Property 3 is trivially satisfied if S(k+1, n+1) = S(k+1, n). So, we focus on the case where S(k+1, n+1) != S(k+1, n), which implies that n ∈ S(k+1, n+1) as largest element. We know that S(k+1, n) = {m} ∪ S(k, m) for some m by definition and S(k, n) = S(k, u) ∖ {v} ∪ {w} by induction for some u, v, and w. Thus far we have S(k+1, n+1) = {n} ∪ S(k, n) = {n} ∪ S(k, u) ∖ {v} ∪ {w}.

If u = m, then S(k+1, n) = {m} ∪ S(k, m) ∖ {v} ∪ {w} and S(k+1, n+1) = {n} ∪ S(k, n) = {n} ∪ S(k, m) ∖ {v} ∪ {w} and the two differ exactly in the elemetns m and n proving property 3.

If u ≠ m, then consistent_hash(_, k, n) = m, since that's the only way how the largest values in S(k+1, n) and S(k, n) can differ. In this case, m ∉ S(k+1, n+1), since n (and not m) is the largest element of S(k+1, n+1). Furthermore, S(k, n) = S(k, m), since consistent_hash(_, i, n) < m for all i < k (otherwise there is a contradiction). Putting it together leads to S(k+1, n+1) = {n} ∪ S(k, m) and S(k+1, n) = {m} ∪ S(k, m) which differ exactly in the elements n and m which concludes the proof.

Property 2

The final part is to prove property 2. This time we have an inducation over k and n. As before, the base case of the induction for k=1 and all n>0 is inherited from the consistency_hash implementation. The case n=k is also trivially covered, since the only valid set are the numbers {0, ..., k-1} which the algorithm correctly outputs. So, we only need to care about the induction step where k>1 and n>k.

We need to prove that P(i ∈ S(k+1, n+1)) = (k+1)/(n+1) for all 0 <= i <= n. Property 3 already proves the case i = n. Furthermore we know that P(n ∈ S(k+1, n+1)) = (k+1)/(n+1) and vice versa P(n ∉ S(k+1, n+1)) = 1 - (k+1)/(n+1). Let's consider those two cases separately.

n ∈ S(k+1, n+1): By the definition of S, we know that S(k+1, n+1) = {n} ∪ S(k, n). P(i ∈ S(k+1, n+1)) = P(i ∈ S(k, n)) P(n ∈ S(k+1, n+1)) = k/n * (k+1)/(n+1) for all 0 <= i < n.
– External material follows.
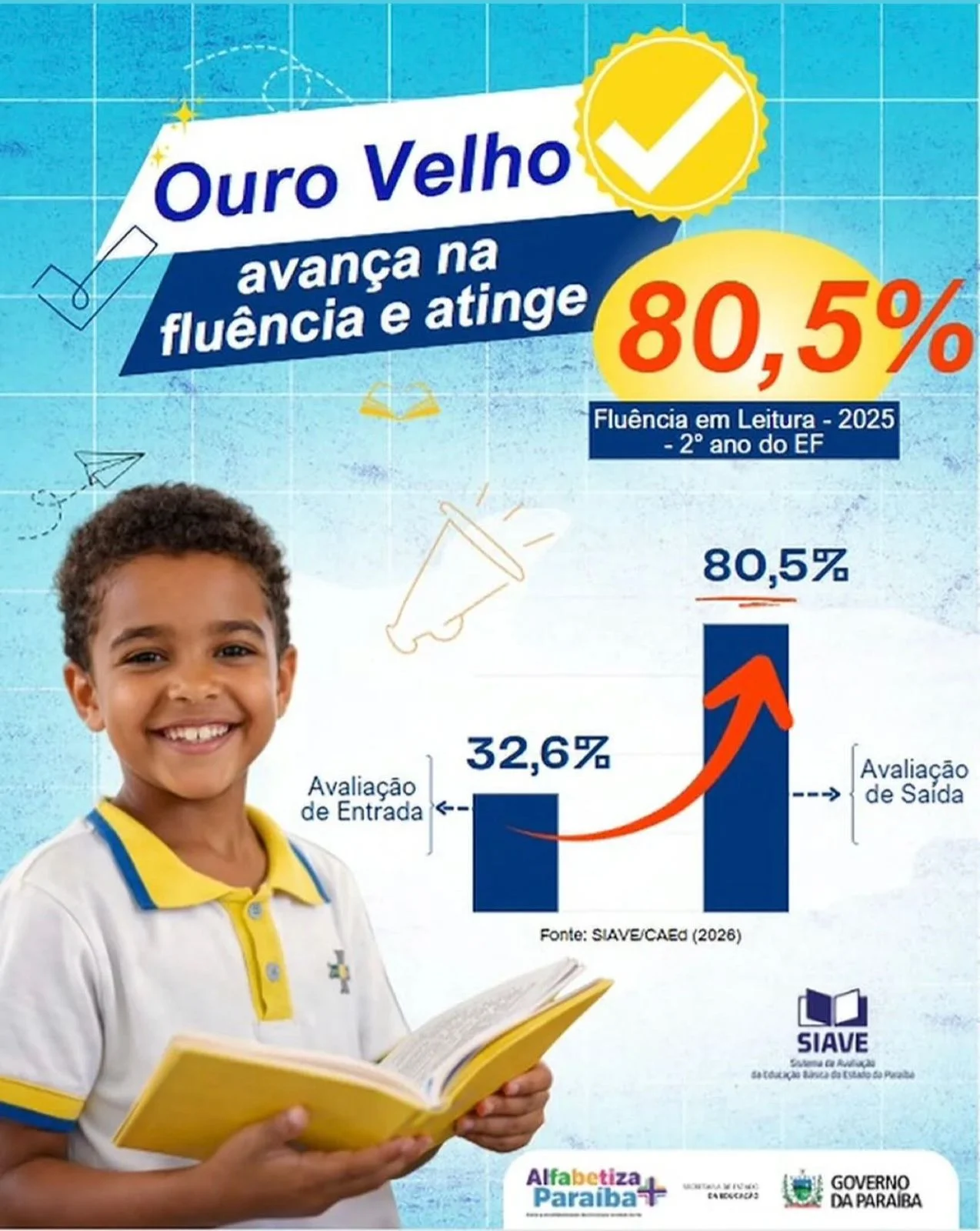 Ouro Velho avança na educação e alcança 80,5% de fluência em leitura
n ∉ S(k+1, n+1): Once more by definition, S(k+1, n+1) = S(k+1, n) in this case. P(i ∈ S(k+1, n+1)) = P(i ∈ S(k+1, n)) P(n ∉ S(k+1, n+1)) = (k+1)/n * (1 - (k+1)/(n+1)) for all 0 <= i < n.

Summing both cases together leads to P(i ∈ S(k+1, n+1)) = k/n * (k+1)/(n+1) + (k+1)/n * (1 - (k+1)/(n+1)) = k/n * (k+1)/(n+1) + k/n * (1 - (k+1)/(n+1)) + 1/n * (1 - (k+1)/(n+1)) = k/n * (k+1)/(n+1) + k/n - k/n * (k+1)/(n+1) + 1/n - 1/n * (k+1)/(n+1) = k/n + 1/n - 1/n * (k+1)/(n+1) = (k+1)/n - (k+1)/(n+1)/n = (k+1)/n * (1 - 1/(n+1)) = (k+1)/(n+1) for all 0 <= i < n which concludes the proof.